Who are the largest producers of solar power worldwide?

As of 2022, China is the largest producer of solar powered electricity generation in the world. The US comes in second, followed by Japan, Germany and India.1

How is more solar power being brought into our electricity systems?

Both the UK and US governments are aiming to decarbonise their electricity systems by 2035, in which renewable energy sources like solar power are set to play a major part.

Solar energy in the UK

The UK's first transmission-connected solar farm was energised in May 2023. This was the firstPV solar array to feed electricity directly into the UK’s transmission network, allowing it to be transported over greater distances. Previously, UK solar farms were connected to the country's distribution networks – the lower-voltage regional grids that carry power from the high-voltage transmission network to homes and businesses.

Located near Bristol, this solar plant is expected to generate over 73,000 megawatt hours (MWh) annually – enough to power the equivalent of over 17,300 homes – and will displace 20,500 tons of CO2 each year compared to traditional energy production.

The UK government’s Powering up Britain report has reaffirmed its ambition for a five-fold increase in deployment of solar generation by 2035, with up to 70 gigawatt (GW) installed – enough to power around 20 million homes.

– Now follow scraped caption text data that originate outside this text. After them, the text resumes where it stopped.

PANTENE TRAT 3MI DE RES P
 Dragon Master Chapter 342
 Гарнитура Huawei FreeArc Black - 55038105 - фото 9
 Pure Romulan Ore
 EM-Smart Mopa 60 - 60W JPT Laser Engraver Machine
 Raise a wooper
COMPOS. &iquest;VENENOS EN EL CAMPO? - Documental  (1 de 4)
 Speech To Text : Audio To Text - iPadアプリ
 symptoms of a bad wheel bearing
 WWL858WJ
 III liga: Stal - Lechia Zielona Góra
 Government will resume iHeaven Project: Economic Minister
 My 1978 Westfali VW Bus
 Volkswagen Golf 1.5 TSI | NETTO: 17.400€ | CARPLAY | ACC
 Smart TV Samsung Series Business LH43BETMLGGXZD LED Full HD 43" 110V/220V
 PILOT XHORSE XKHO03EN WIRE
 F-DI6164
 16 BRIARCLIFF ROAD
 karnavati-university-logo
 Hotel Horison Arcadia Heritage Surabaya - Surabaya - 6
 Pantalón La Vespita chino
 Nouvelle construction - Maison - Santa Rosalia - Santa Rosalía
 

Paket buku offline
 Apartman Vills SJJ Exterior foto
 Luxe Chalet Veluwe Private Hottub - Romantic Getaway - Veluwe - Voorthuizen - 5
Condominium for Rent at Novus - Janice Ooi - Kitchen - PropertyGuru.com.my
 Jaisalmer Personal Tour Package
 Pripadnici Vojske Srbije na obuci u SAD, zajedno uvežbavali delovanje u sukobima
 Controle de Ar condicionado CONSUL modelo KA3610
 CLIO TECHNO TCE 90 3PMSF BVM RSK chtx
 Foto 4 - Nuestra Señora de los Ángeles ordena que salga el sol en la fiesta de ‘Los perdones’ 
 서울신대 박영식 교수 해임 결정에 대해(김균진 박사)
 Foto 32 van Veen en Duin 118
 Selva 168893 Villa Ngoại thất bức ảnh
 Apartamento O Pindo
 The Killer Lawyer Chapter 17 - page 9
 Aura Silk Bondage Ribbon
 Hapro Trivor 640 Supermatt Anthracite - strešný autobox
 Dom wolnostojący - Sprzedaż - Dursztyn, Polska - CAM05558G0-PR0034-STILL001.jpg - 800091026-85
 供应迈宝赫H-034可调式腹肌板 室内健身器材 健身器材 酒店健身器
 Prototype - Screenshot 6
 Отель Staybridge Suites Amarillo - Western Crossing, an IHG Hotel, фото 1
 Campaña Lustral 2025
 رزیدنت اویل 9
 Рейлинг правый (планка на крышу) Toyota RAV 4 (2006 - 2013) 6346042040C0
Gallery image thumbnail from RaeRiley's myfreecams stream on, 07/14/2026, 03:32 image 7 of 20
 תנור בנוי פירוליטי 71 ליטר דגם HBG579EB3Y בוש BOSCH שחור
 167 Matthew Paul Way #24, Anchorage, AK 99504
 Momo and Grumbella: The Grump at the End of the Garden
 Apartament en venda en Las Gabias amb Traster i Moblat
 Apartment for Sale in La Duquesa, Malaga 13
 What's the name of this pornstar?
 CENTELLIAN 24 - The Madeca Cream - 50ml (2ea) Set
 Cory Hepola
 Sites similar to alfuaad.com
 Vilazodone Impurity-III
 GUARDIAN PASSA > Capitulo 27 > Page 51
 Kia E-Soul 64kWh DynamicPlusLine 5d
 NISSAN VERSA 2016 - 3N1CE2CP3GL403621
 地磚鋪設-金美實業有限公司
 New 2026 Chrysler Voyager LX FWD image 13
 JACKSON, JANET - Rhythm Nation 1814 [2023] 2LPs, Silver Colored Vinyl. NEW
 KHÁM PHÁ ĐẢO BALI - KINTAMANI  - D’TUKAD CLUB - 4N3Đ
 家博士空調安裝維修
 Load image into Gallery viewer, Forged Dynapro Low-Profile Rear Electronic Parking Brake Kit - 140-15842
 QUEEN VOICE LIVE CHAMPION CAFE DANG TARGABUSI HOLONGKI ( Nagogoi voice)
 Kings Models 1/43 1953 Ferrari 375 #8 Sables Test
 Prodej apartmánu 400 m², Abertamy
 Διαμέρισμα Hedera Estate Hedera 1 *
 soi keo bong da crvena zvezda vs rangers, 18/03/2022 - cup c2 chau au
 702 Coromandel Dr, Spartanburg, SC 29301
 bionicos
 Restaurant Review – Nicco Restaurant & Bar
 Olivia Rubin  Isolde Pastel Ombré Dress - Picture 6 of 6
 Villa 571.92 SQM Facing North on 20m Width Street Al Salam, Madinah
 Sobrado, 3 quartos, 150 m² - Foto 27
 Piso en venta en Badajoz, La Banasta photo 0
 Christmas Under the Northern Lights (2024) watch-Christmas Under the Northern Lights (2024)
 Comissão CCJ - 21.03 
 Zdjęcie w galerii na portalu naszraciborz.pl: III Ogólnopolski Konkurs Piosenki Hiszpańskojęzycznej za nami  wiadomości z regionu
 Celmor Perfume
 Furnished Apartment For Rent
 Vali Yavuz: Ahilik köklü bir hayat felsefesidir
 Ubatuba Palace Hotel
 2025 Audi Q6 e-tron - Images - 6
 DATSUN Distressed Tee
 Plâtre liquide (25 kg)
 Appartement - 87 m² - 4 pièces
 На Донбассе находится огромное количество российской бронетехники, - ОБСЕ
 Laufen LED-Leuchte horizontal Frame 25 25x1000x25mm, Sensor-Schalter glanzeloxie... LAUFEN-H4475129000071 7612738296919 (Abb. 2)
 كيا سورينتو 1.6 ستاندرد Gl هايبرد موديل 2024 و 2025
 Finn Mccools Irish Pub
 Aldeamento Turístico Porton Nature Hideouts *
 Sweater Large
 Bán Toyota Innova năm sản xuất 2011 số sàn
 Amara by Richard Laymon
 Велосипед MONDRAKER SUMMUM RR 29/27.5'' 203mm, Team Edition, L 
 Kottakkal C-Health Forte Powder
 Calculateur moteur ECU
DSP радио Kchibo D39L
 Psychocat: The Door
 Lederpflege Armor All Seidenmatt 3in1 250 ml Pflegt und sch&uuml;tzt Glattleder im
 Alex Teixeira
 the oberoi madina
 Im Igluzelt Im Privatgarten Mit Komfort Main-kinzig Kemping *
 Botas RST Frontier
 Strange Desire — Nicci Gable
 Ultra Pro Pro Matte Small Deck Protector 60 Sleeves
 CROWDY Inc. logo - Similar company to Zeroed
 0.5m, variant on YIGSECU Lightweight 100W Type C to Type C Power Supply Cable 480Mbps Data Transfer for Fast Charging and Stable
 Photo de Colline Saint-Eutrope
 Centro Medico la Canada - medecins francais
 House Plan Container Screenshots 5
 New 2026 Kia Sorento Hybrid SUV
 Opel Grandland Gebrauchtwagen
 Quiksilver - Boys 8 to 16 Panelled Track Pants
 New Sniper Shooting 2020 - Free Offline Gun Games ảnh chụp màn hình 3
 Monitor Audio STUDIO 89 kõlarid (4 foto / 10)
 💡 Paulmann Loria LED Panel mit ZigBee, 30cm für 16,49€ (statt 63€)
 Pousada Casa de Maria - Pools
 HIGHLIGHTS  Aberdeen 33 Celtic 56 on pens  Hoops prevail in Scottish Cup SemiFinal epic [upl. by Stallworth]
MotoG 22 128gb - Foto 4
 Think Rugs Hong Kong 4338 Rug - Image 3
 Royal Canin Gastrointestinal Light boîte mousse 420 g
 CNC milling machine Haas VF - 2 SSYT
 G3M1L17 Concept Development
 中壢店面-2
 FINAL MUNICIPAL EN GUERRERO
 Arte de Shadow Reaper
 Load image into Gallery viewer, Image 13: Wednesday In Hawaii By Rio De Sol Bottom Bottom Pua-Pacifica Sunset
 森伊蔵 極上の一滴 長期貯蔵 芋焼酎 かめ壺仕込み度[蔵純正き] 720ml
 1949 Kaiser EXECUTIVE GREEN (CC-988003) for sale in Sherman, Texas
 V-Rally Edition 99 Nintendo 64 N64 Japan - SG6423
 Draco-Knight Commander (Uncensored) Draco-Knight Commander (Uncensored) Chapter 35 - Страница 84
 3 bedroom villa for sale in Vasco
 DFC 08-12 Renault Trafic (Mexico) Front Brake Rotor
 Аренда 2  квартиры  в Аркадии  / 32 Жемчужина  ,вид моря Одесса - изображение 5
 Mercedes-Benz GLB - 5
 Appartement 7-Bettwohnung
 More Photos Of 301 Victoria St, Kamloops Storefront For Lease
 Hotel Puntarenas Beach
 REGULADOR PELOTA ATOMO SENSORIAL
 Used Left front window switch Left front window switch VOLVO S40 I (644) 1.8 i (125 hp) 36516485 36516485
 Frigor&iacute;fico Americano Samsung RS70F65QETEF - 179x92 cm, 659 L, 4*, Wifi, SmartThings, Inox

Read more about the UK's first transmission-connected solar farm

Solar energy in the US

The Solar Futures Study, released by the U.S. Department of Energy (DoE) in 2021, discusses their blueprint for a zero-carbon grid and the significant role solar will play in decarbonising the country’s power grid. According to the study, 40% of the nation’s electricity has the potential to be powered by solar energy by 2035.

In April 2023, the Biden-Harris administration announced an $82 million investment to fund technologies that will help integrate solar energy into the grid. The investment will increase domestic solar manufacturing and recycling, which will help to strengthen the clean energy grid in the US.

Last updated: 16 May 2023
The information in this article is intended as a factual explainer and does not necessarily reflect National Grid's strategic direction or current business activities.